The Bank of England (BoE) operates the CHAPS payment system, which is a sterling same-day system that is used to settle high-value wholesale payments but also time-critical, lower-value payments like buying or paying a deposit on a property. Payments are settled over the BoE’s Real Time Gross Settlement (RTGS) system. There are over 30 direct participants and over five thousand financial institutions that make CHAPS payments through one of the direct participants. A list of CHAPS direct participants can be found here.


In Ireland, there is currently no mechanism for instant payments except with Revolut but the large retail banks have formed a JV and Cash App has entered the market but is not available yet.

Ireland does not currently have an industry-wide instant payments solution. Irish retail banks are working on an instant mobile payments service through an account-to-account mobile-based solution built on the SEPA infrastructure, with the mobile payment app joint venture to be launched imminently, having received approval from the Competition and Consumer Protection Commission. Revolut also provides SEPA instant credit transfers in Ireland and Cash App has entered the market but is not yet available.


SEPA instant credit transfers are offered by a number of PSPs in the French market on the basis of the SEPA Instant Credit Transfer rules which were published in 2017. This being said, (i) there are still some PSPs (including credit institutions) that still do not offer this service to their clients and (ii) there is no market practice on fees that are charged for the provision of the service (i.e., while certain PSPs are offering the service free of charge, some others can charge up to €1 per instant credit transfer).

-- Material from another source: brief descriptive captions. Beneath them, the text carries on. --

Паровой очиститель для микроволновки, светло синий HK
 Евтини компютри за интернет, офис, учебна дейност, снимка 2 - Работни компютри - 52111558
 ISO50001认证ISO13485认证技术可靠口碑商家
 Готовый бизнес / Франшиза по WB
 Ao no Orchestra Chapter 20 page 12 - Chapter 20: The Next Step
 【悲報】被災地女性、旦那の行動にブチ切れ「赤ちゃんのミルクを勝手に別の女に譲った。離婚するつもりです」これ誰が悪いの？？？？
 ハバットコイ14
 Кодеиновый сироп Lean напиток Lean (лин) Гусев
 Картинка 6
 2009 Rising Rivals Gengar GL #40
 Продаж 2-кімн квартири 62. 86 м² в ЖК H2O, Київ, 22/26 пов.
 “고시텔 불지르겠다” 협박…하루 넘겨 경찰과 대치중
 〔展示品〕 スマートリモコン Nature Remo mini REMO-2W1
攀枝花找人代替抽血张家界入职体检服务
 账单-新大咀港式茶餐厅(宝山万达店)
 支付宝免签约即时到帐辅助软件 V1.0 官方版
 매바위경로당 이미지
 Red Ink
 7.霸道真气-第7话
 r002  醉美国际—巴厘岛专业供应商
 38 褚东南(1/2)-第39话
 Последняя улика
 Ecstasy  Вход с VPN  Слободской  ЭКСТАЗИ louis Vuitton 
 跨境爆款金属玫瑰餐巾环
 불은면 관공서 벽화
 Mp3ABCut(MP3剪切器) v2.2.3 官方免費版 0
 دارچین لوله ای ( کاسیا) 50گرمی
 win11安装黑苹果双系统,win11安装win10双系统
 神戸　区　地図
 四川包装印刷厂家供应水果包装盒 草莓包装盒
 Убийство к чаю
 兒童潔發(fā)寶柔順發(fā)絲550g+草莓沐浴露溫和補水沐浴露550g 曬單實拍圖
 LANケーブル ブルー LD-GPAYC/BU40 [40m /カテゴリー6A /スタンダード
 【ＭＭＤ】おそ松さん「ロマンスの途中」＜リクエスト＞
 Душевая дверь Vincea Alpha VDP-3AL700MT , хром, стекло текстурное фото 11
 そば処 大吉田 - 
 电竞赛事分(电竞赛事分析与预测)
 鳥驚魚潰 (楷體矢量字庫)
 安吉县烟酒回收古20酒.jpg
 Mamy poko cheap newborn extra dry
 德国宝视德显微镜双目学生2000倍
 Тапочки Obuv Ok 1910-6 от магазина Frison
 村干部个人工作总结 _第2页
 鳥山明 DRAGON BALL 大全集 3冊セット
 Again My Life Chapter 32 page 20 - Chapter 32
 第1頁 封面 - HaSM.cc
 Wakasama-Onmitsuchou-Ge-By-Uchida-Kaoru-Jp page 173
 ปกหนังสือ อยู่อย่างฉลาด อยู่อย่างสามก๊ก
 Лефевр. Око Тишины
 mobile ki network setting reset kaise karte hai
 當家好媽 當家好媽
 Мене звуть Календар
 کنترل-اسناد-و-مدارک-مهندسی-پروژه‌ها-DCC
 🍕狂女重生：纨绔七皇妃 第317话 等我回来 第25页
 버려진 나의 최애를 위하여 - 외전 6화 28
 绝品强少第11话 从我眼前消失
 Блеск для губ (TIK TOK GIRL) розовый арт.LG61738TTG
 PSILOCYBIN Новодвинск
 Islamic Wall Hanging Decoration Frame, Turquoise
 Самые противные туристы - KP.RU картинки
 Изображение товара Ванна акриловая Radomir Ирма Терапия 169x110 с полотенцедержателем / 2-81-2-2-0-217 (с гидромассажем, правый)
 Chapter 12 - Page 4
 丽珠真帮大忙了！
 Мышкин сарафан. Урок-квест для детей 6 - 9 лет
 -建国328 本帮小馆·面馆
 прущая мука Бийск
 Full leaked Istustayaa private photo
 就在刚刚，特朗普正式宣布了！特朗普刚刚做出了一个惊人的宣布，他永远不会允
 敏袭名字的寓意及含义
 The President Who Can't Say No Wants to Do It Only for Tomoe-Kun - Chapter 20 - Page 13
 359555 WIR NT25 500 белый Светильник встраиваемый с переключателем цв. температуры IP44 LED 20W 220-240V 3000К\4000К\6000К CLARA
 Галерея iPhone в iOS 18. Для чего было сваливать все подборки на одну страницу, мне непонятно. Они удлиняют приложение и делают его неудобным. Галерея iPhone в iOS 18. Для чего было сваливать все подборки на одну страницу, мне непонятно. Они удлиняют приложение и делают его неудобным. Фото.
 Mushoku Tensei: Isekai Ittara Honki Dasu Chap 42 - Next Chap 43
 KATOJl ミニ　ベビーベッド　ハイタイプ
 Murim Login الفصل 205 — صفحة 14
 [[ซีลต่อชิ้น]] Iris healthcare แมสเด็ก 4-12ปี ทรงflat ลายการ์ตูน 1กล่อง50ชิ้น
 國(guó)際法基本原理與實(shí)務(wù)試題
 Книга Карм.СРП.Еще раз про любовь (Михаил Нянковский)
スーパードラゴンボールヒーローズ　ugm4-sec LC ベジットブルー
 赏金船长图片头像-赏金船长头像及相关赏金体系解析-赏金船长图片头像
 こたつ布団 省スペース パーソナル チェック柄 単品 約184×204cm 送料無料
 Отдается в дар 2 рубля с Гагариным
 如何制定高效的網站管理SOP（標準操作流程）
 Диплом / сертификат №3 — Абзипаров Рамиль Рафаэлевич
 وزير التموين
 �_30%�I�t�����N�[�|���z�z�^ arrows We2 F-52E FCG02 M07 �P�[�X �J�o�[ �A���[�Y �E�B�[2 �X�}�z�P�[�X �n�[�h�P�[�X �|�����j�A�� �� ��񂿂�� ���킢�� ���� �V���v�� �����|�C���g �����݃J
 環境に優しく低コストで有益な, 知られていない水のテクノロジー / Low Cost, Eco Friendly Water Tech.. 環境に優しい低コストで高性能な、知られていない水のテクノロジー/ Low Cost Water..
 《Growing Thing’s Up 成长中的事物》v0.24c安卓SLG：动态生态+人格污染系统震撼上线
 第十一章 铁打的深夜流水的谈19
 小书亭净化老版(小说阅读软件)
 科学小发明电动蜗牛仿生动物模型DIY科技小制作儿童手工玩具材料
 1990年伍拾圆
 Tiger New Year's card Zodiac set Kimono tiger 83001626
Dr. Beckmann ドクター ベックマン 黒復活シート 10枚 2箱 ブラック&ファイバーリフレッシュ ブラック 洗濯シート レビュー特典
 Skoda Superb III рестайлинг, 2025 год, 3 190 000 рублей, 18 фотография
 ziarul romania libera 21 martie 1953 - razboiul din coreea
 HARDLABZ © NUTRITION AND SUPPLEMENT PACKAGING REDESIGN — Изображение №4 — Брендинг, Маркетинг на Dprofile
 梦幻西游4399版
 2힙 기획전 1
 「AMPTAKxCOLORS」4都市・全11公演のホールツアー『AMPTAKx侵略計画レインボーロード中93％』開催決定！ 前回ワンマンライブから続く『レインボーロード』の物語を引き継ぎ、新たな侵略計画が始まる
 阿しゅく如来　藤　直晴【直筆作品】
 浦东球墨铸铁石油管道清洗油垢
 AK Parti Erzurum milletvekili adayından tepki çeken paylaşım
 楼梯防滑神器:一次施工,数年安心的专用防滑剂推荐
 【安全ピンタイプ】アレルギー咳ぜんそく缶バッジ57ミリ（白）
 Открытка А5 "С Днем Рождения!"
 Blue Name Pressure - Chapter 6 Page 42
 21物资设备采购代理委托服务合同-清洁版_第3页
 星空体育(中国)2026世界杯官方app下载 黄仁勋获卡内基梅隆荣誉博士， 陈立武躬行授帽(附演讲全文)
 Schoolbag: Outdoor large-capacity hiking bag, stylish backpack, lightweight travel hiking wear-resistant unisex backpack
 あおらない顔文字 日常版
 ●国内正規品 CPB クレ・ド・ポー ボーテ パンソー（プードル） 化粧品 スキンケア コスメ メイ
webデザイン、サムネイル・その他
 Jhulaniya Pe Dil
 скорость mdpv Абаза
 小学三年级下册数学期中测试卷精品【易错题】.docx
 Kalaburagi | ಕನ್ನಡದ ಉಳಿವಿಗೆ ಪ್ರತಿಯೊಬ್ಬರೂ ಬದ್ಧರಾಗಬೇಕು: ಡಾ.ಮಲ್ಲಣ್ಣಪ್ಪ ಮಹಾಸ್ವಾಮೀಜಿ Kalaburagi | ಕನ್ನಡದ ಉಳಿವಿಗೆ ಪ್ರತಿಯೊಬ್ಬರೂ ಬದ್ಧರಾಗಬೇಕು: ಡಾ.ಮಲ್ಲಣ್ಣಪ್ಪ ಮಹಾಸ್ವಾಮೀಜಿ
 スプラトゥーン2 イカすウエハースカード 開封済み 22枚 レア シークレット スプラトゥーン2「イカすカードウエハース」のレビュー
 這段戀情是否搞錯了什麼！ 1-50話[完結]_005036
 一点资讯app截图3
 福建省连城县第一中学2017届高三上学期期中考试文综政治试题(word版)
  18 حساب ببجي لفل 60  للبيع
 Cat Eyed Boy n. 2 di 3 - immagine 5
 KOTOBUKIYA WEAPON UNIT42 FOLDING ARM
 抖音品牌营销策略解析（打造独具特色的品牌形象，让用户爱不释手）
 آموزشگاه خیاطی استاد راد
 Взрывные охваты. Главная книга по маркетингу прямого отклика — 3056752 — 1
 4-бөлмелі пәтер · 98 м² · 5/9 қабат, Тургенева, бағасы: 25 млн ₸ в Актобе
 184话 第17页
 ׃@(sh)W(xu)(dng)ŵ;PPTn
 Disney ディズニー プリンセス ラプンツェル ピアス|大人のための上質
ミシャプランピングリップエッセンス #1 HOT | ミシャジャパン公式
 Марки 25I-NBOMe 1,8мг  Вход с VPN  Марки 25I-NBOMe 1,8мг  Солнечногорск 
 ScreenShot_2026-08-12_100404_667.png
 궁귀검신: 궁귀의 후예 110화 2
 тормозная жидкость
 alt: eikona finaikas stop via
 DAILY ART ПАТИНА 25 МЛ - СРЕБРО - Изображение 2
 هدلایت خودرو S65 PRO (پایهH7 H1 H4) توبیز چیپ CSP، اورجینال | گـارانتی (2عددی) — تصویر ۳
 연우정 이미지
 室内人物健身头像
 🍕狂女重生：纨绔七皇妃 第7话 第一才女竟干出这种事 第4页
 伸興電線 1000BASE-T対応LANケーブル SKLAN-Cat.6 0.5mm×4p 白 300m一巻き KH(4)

SEPA Instant Credit Transfers are offered by a number of credit institutions and PSPs in the German market on the basis of the SEPA Instant Credit Transfer rules which were published in 2017. Implementation of SEPA Instant Credit Transfers can be complex depending on the existing platform of the bank. Transaction monitoring, including under Regulation (EU) 2015/847 (Wire Transfer Regulation), the German Anti-Money Laundering Act (Geldwäschegesetz) and Commission Delegated Regulation (EU) 2018/389 (Strong Customer Authentication Regulatory Technical Standards under PSD2) as well as sanctions will have to be enhanced to address the specific risks of instant credit transfers.

SEPA Instant Credit Transfers would also fall within the scope of open banking, meaning that third party providers (TPPs) can also offer instant credit transfers; adding further to the complexity of implementing the new requirements.

It remains to be seen whether instant credit transfers will be widely used by consumers and merchants.


SEPA Instant Credit Transfers are offered in Italy by the majority of PSPs. PSPs offering regular euro credit transfers to customers usually also offer euro instant payments. As indicated by the European Payments Council, currently more than 280 PSPs offer instant payments in Italy.

Transaction fees for instant payments vary among different PSPs and are higher compared to fees applied to regular credit transfers.

The Bank of Italy also has a proactive role in the development of instant payments activity in its role as provider for developing and operating the pan-European instant payment settlement platform, TARGET Instant Payment Settlement (TIPS).

Next steps

The Commission has launched a public consultation inviting feedback on its proposal via its Have Your Say website. The current closing date is 26 December 2022, although a note on the webpage states that the eight-week feedback period is being extended every day until the adopted proposal is available in all EU languages.

The proposal contains phased implementation deadlines, modified for the different components of the initiative and to allow for euro area and non-euro area member states. It also provides that it will enter into force 20 days after publication in the Official Journal of the EU.